The plan is to store the data in avro format on HDFS and then create Hive table on top, ideally the table should be external so that Hive doesn't remove the original files in case I need it for something else.
To create an external table using avro formatted data you typically do this:
CREATE EXTERNAL TABLE cyber.proxy_logs PARTITIONED BY (year STRING, month STRING, day STRING) ROW FORMAT SERDE 'org.apache.hadoop.hive.serde2.avro.AvroSerDe' STORED AS INPUTFORMAT 'org.apache.hadoop.hive.ql.io.avro.AvroContainerInputFormat' OUTPUTFORMAT 'org.apache.hadoop.hive.ql.io.avro.AvroContainerOutputFormat' LOCATION '/cyber/proxy_logs/' TBLPROPERTIES ('avro.schema.literal'=' { "type" : "record", "name" : "proxy", "fields" : [ { "name" : "DeviceHostname", "type" : "string", "default" : "" } { "name" : "ResponseTime", "type" : "string", "default" : "" }, { "name" : "SourceIp", "type" : "string", "default" : "" }, { "name" : "SourcePort", "type" : "string", "default" : "" }, { "name" : "Username", "type" : "string", "default" : "" } ] } ');
This will create a table mapped to our data, the files in HDFS are organized like this:
/hadoop/proxy/year=2017/month=09/day=19 /hadoop/proxy/year=2017/month=09/day=20 ...
So that we have 3 levels of partitioning making it easy to do operations on yearly, monthly and daily basis or at least that's the plan.
Once you've done that, you need to tell Hive to add your partitions using:
ALTER TABLE proxy_logs ADD PARTITION(year=2017, month="09", day=19); ...

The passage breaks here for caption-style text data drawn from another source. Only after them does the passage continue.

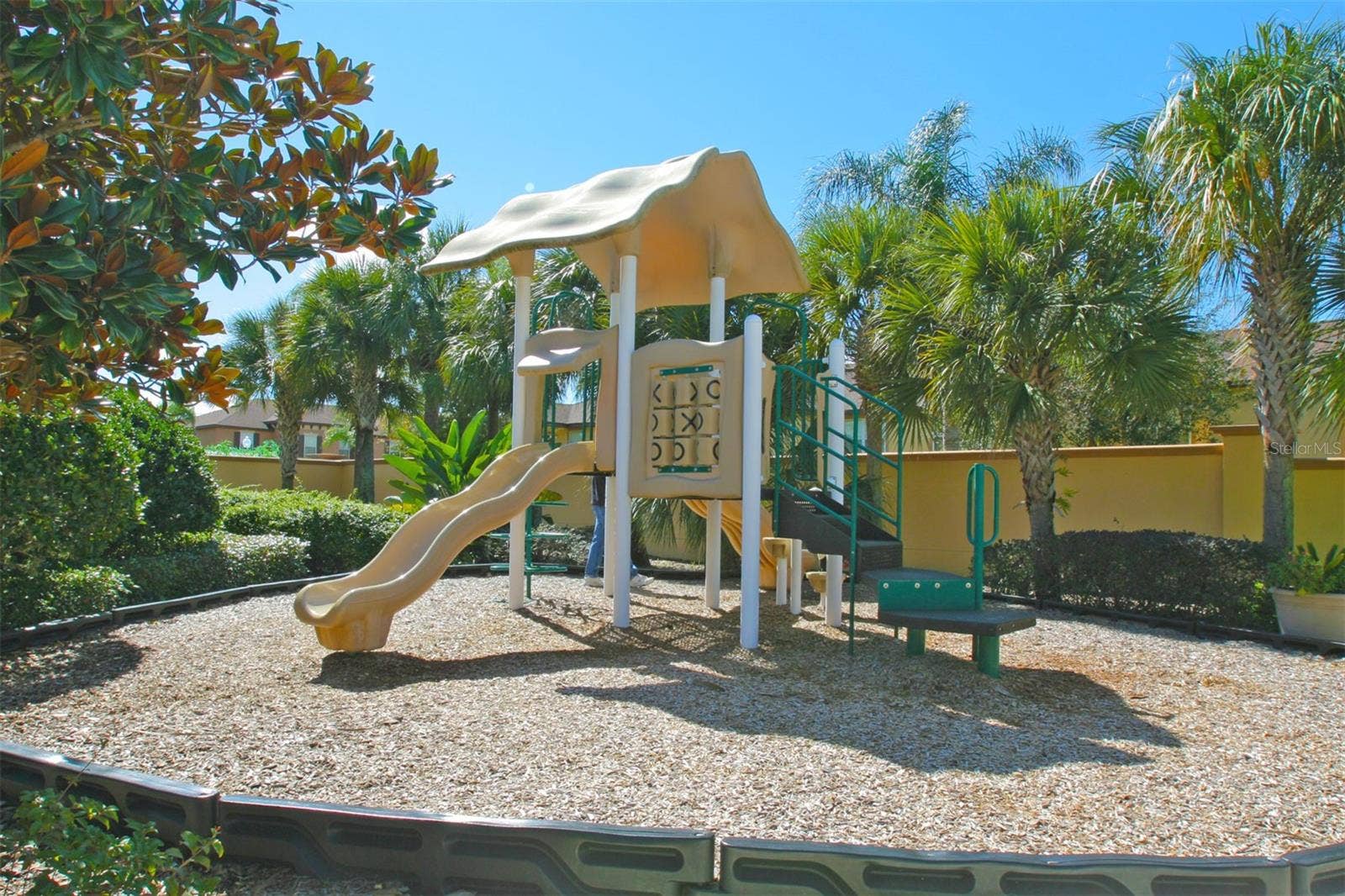 457 LA MIRAGE STREET, Davenport, FL 33897 Resort amenities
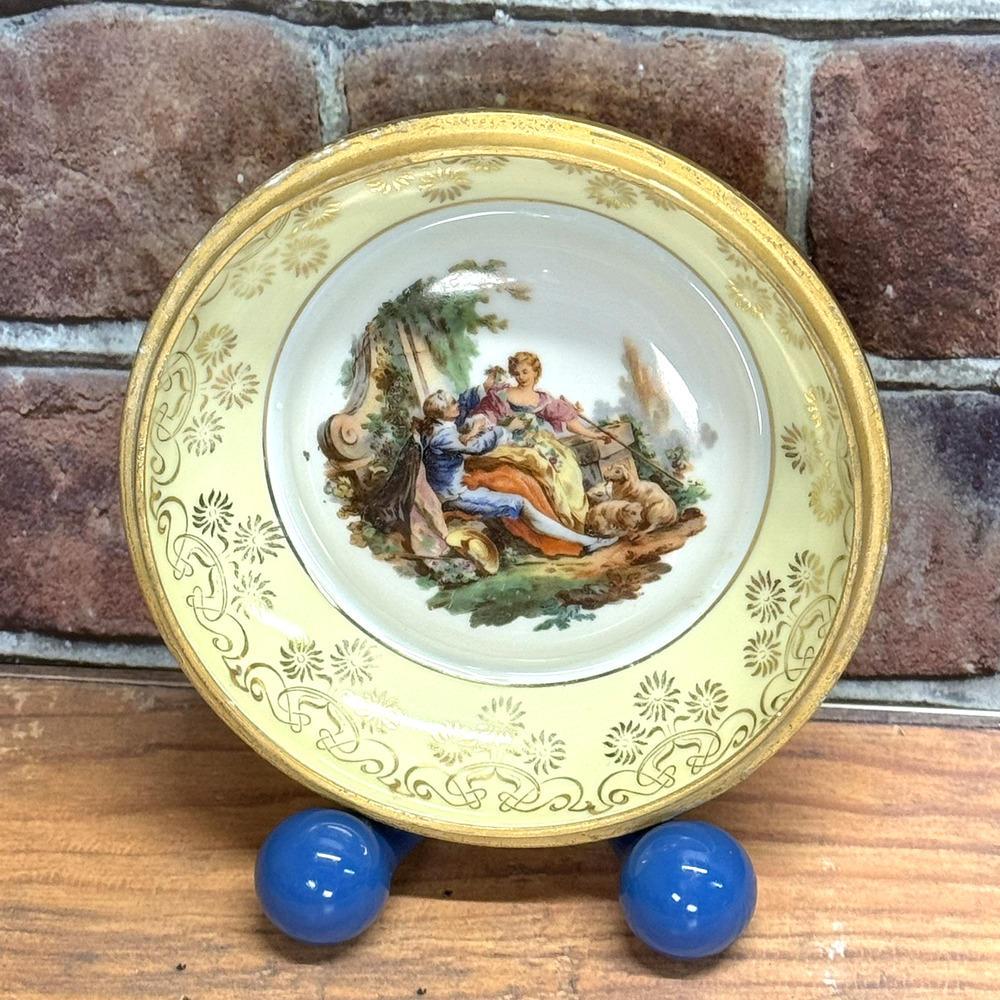 Antique OMECO New York‎ Czechoslovakia 24K Gold Bowl w Painted Courting Couple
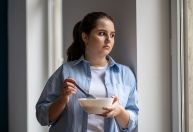 Solidão pode piorar hábitos alimentares de mulheres jovens, revela estudo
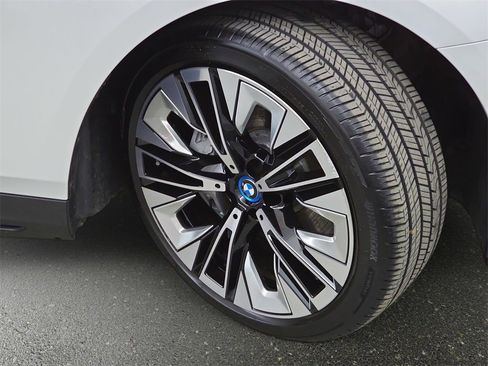 Used 2025 BMW i5 xDrive40 w/ Premium Package image 34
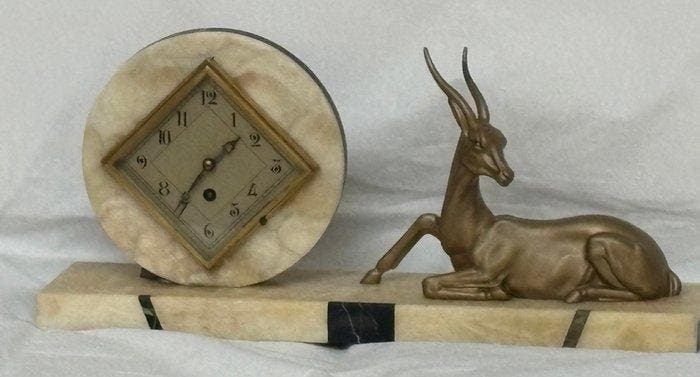 Figurale pendule - Art Deco Marmer, Onyx, Messing -, Antiquités & Art, Antiquités | Horloges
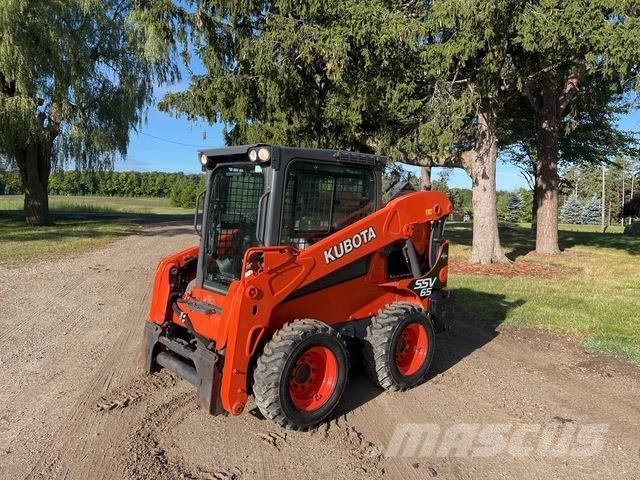 Kubota SSV65 Skid steer loaders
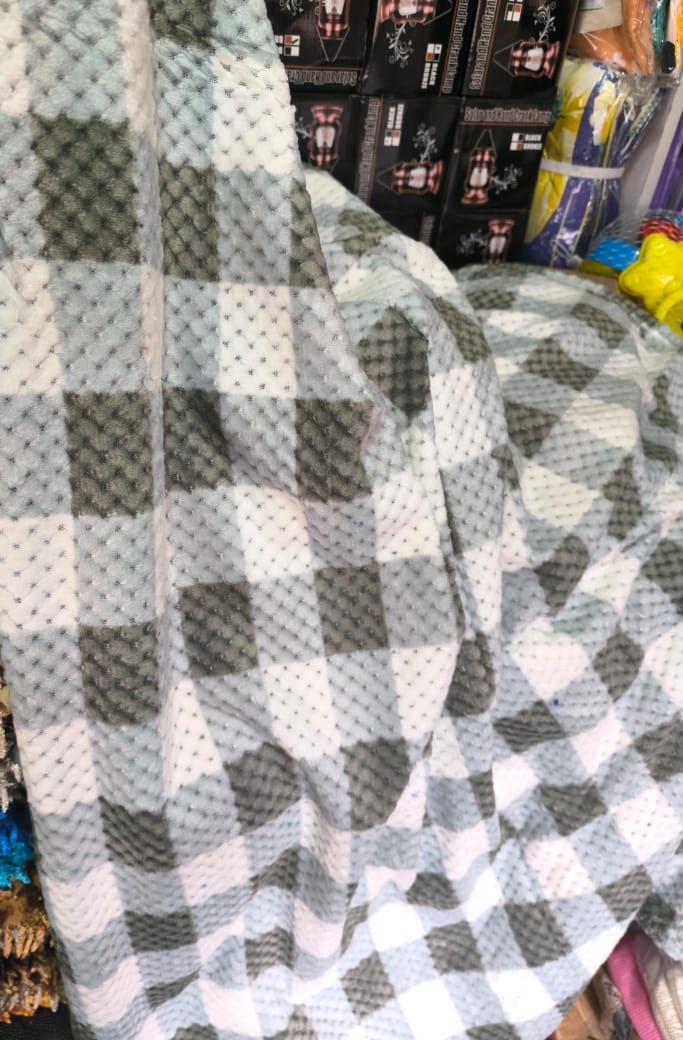 Patched Fleece blanket. - Image 5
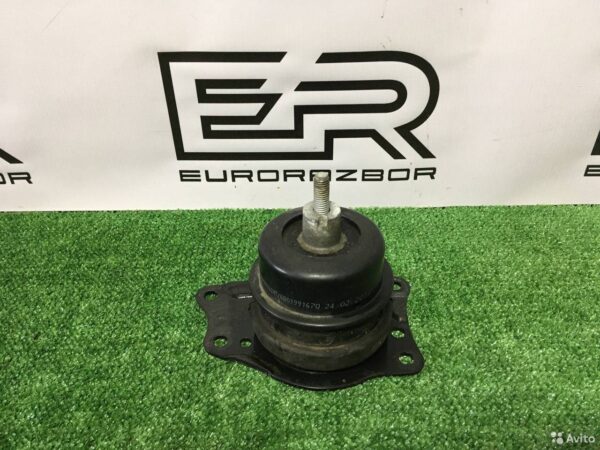 Кронштейн двигателя Volkswagen Polo 5 6R0199167Q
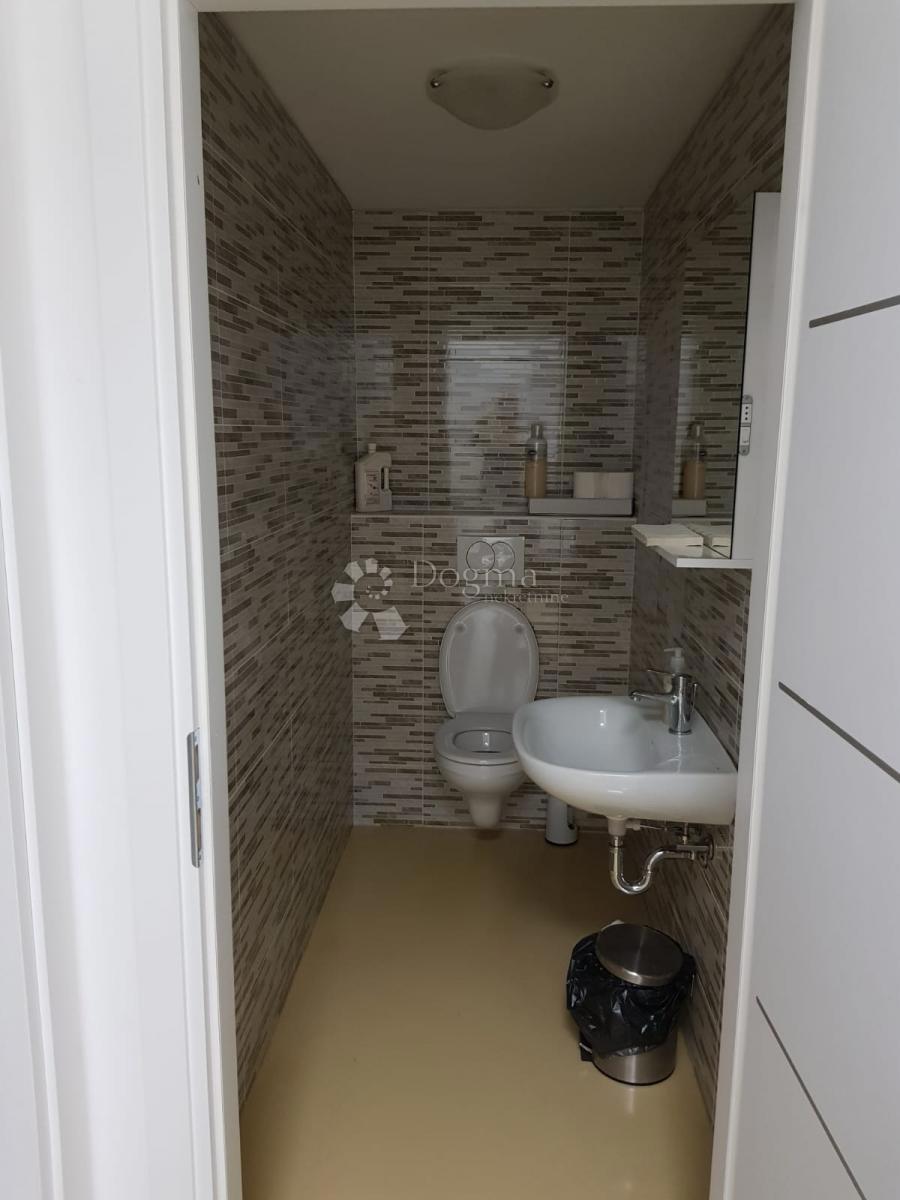 Locale commerciale Gruž, Dubrovnik, 97,65m2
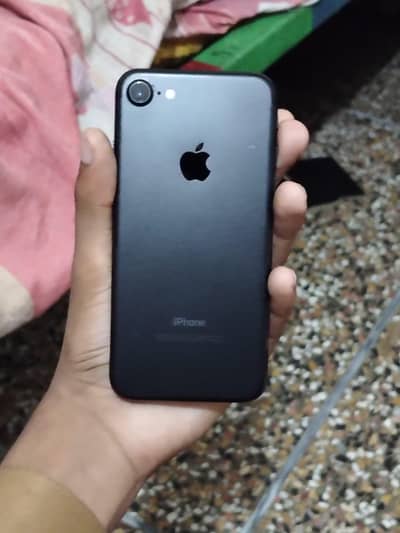 Apple iPhone 7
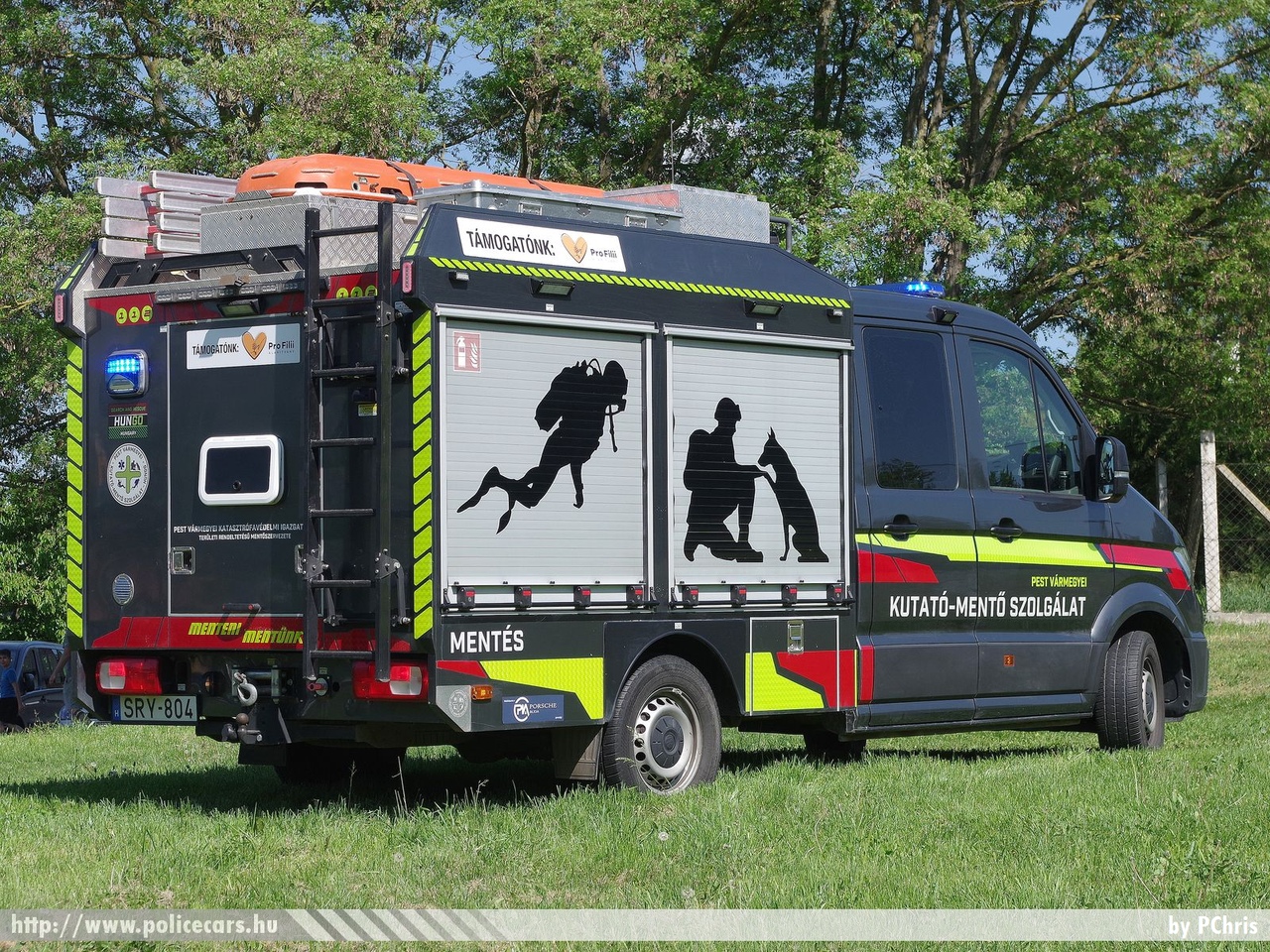 Volkswagen Crafter, Pest Vármegyei Kutató-Mentő Szolgálat, fotó: PChris
Keywords: magyar Magyarország tűzoltó tűzoltóautó tűzoltóság Hungary hungarian fire firetruck speciális mentők special rescue SRY-804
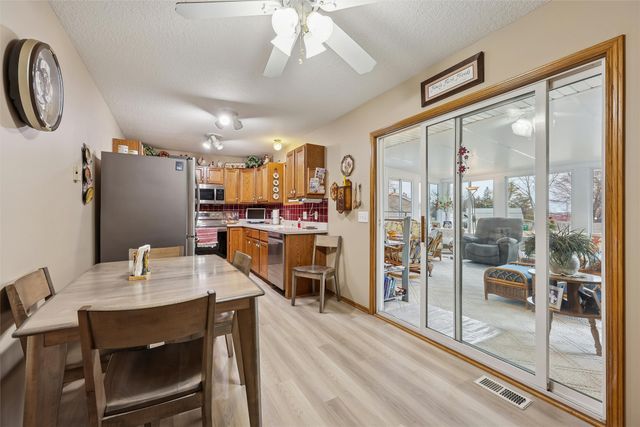 604 SE Tower Court, Ankeny, IA 50021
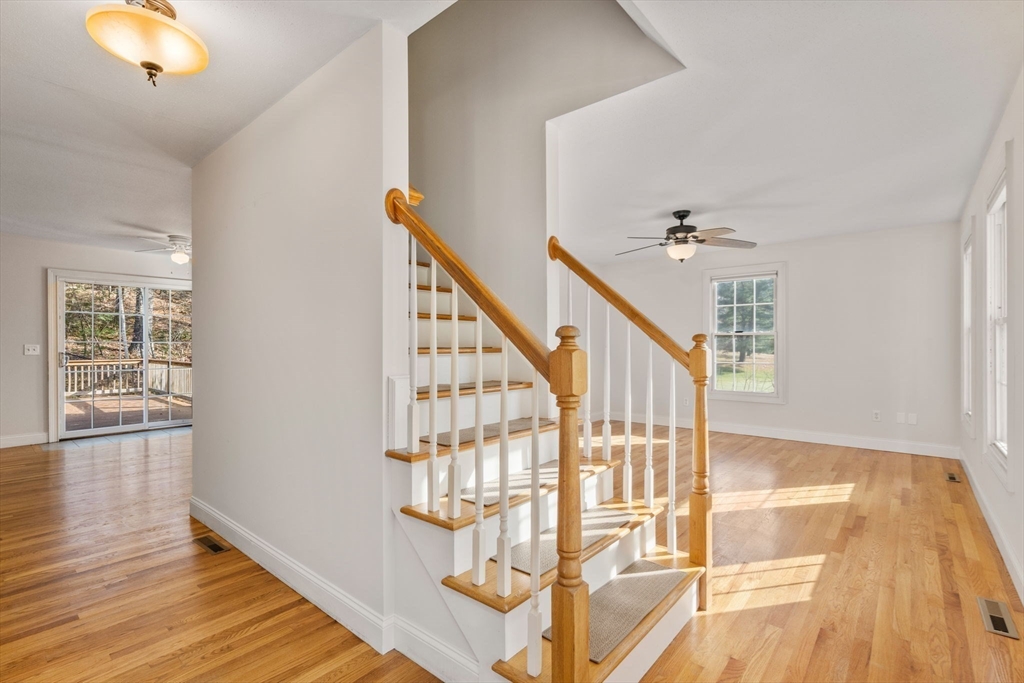 Westfield, Massachusetts, 01085, United States, 4 Bedrooms Bedrooms, ,3 BathroomsBathrooms,Residential,For Sale,1998160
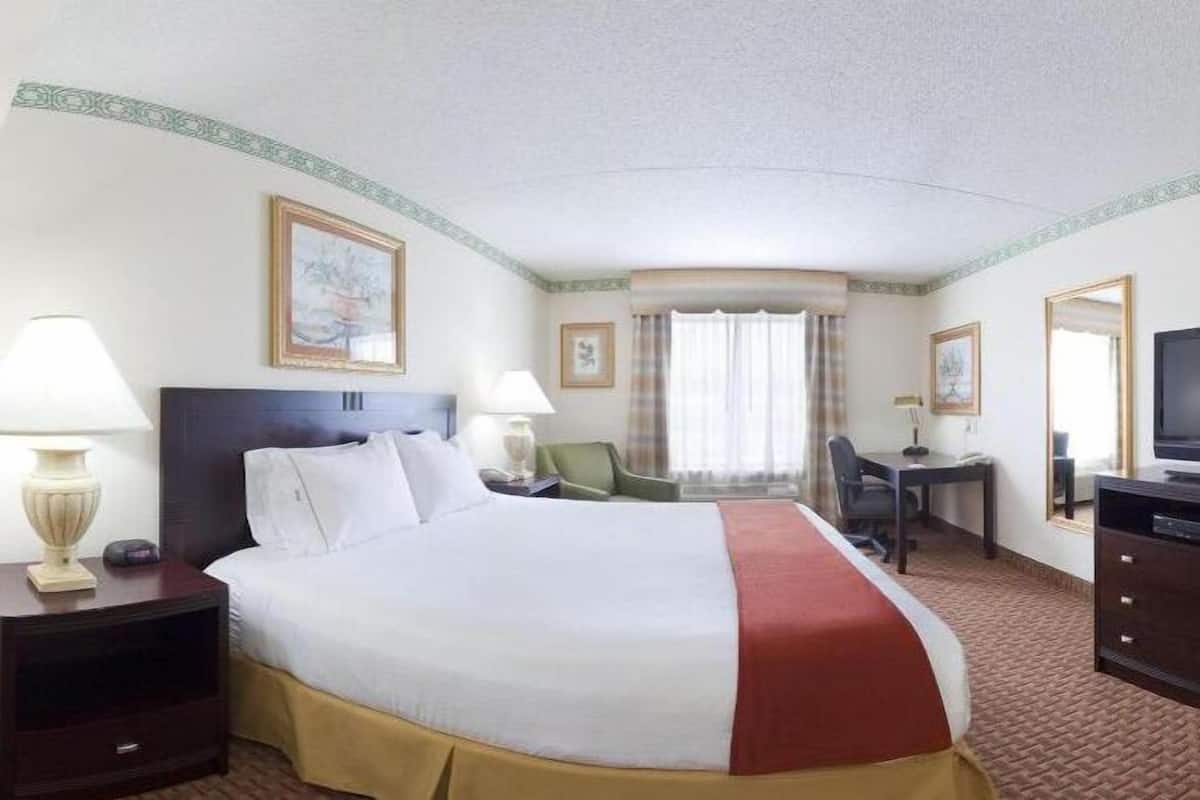 1 slaapkamer, een kluis op de kamer, een bureau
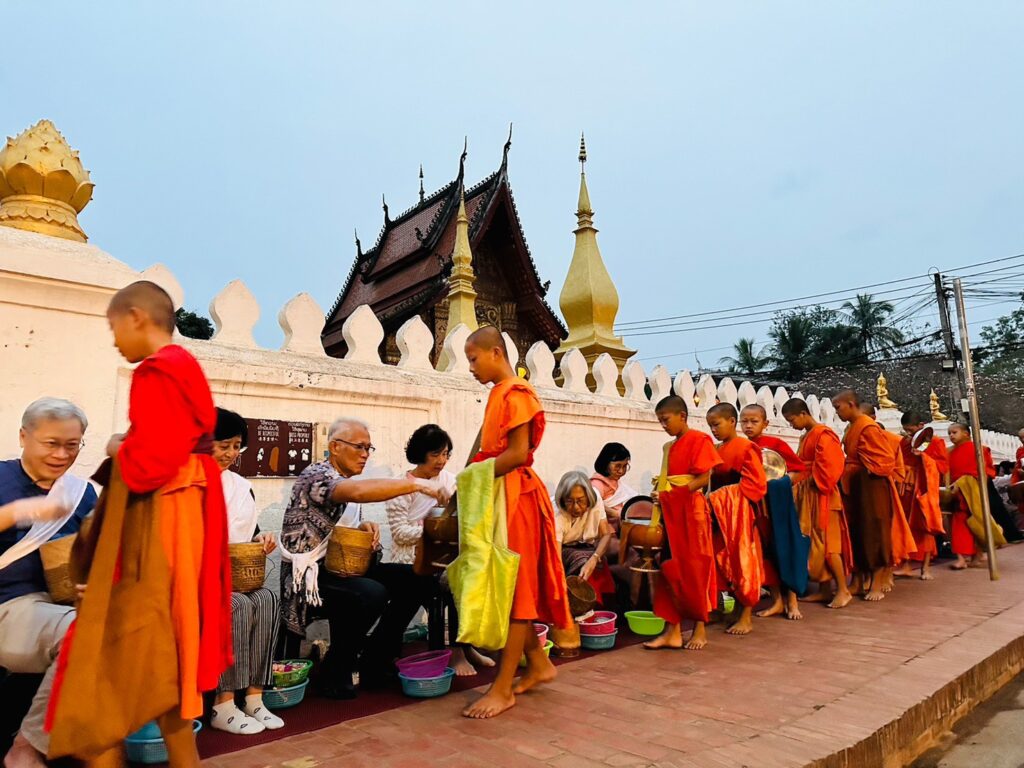 ลาว เวียงจันทร์ วังเวียง, Soda Tour โซดาทัวร์,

We need to do that every day since our partitioning is done daily, at this point when I ran a
select count(*) from proxy_logsI didn't get any result at all... turns out you also need to recompute the statistics for the table metadata to be up to date, I did this with
ANALYZE TABLE proxy_logs partition(year=2017, month="09", day=19) compute statistics;and only then was I able to access my logs, I will now need to do this for every partitions of every table, time to get scripting!